I am looking into getting a gto in the future (just joined site and its great)
I am unsure if this is the right location in the forum but,

Performance-wise, what are the differences between the 06's manual and transmission models?

I rode with a friend who has the manual and it was QUICK, but I have not been in an automatic to know for sure...

Aside note, the 04-05 were LS1 equipped while the 06 was LS2 equipped? Making the difference from the prior years at 350hp to break 400hp correct?
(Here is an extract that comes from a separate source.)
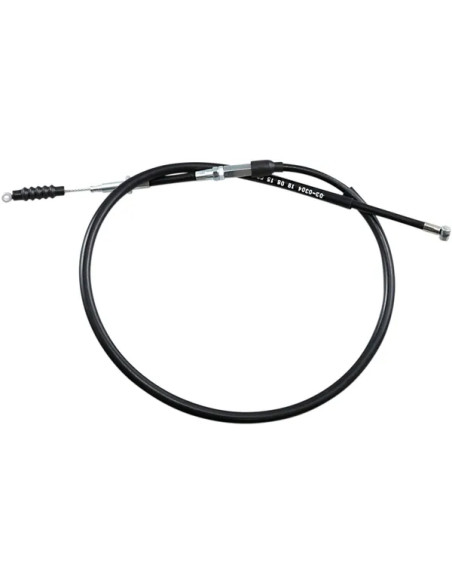 MOTION PRO Bowdenzüge für KAWASAKI KX 250 1999-2004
Thanks ahead of time, will be searching the site more and more


*I have found some of the stickies... and noticed that the LS2 was used in the 05 as well... still learning whereabouts on the site*


----------



## Rukee (Feb 8, 2007)

`04 = ls1
`05-`06 = ls2
manual tranny you shift, auto just leave it in drive.


----------



## wlorton (Feb 28, 2010)

Rukee said:


> `04 = ls1
> `05-`06 = ls2
> manual tranny you shift, auto just leave it in drive.


This I know.. its more of like 0-60 and gas mileage? Is the manual transmission that much better?


----------



## Rukee (Feb 8, 2007)

Manuals in any car are almost always faster and get better mileage. 
Do you want to shift or not?


----------



## wlorton (Feb 28, 2010)

Rukee said:


> Manuals in any car are almost always faster and get better mileage.
> Do you want to shift or not?


That is the biggest personal debate, but I know with the rx8 (dont shun me) they had a detuned version of the engine in the automatics, and had a shorter band.... only the manuals could hit over 6-7k if I remember correctly.
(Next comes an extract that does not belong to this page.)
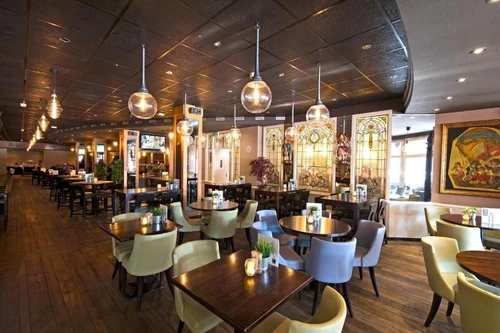 Crown Inn Eindhoven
My buddy has an 06 6speed, and man is that quick... Only thing is that I havent had to drive a stick since I was 17, and at that I didnt drive to much...
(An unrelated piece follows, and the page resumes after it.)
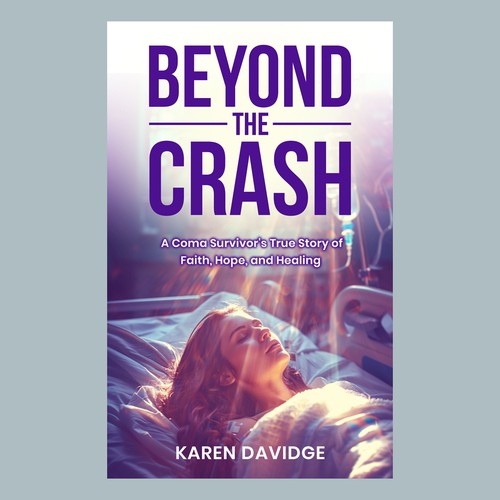 Beyond the Crash Ebook Cover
Are the GTO's "difficult" to learn/relearn on?


----------



## 6point0 goat (Aug 1, 2009)

the difference in 0-60 times is minimal, autos were said to be quicker from the factory according to the borchure and magazine tests but its down to drivers. the autos got the SAME powerplant as the manuals did so like i said, its anyones guess. i have an A4 and have taken an M6 before with the same mods as me. 

MPG wise.....the manual is better than an auto, ive heard of people with M6's gettin upto 28-29 mpg on the high way. highest ive gotten in my 05' auto is like 21 on highway.


----------